As if that isn’t enough — school districts like Hammondsport are already facing uncertainty as they stare down mandates to transition to electric buses beginning in 2027. For Bower, he called it ‘extremely challenging’.

“The Governor’s office is putting out obstacles that are going to make it extremely challenging in the years to come for small rural school districts to exist,” he said. “Regionalization seems to be the way of the future, and these decisions are continuing to nudge school districts in that direction.”
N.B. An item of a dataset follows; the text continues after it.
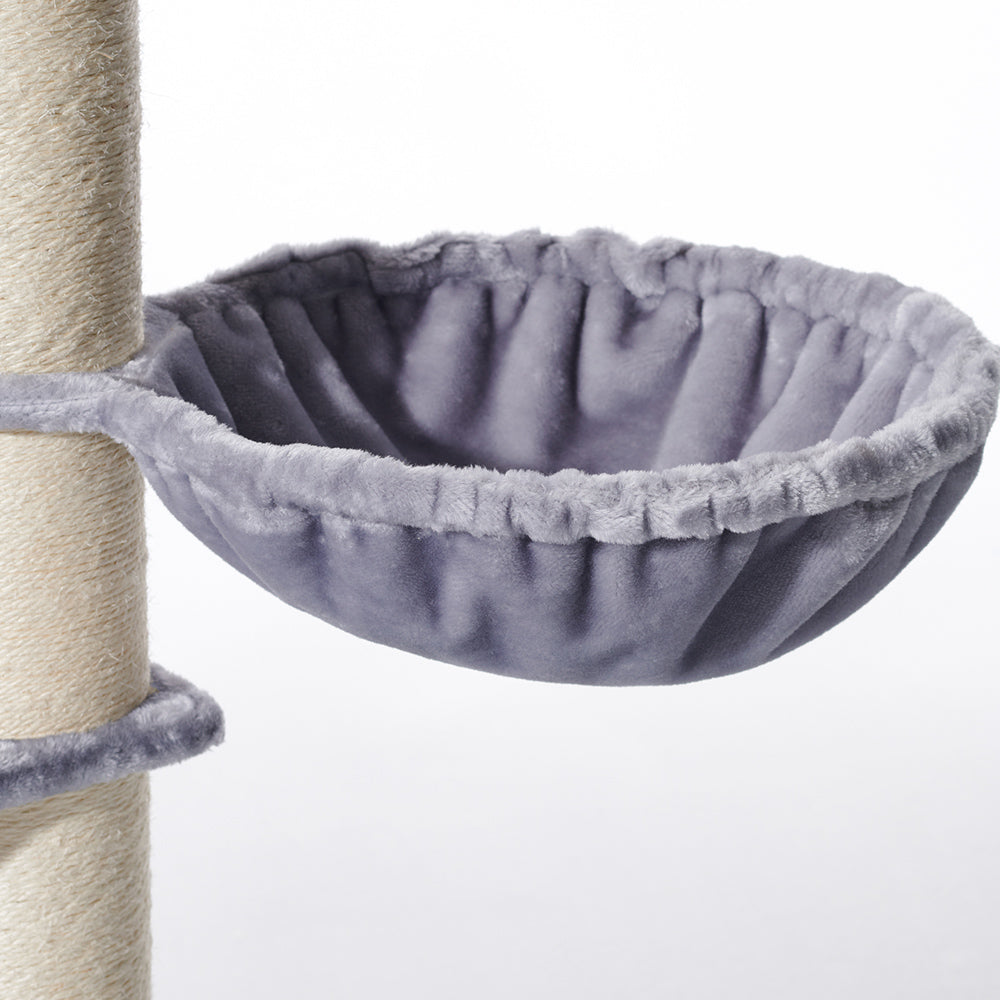 "Abnehmbare, runde Liegefläche für Katzenbaum in Grau mit elastischem Rand und weißem Sisalstamm."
This sentiment was echoed in a recent interview with Auburn Superintendent Jeff Pirozzolo. For years he’s called on school districts of all sizes to start looking at mergers as a way to better serve students. “It’s inevitable. We’re going to end up getting there,” he said referring to the likelihood of county wide school districts in the coming years. “When parents are going to start complaining because class sizes are 30 or more, and the district can’t afford more teachers. That’s where you’re going to start seeing administrators and educators say ‘OK, now we have to do something different’ to get class sizes back down.”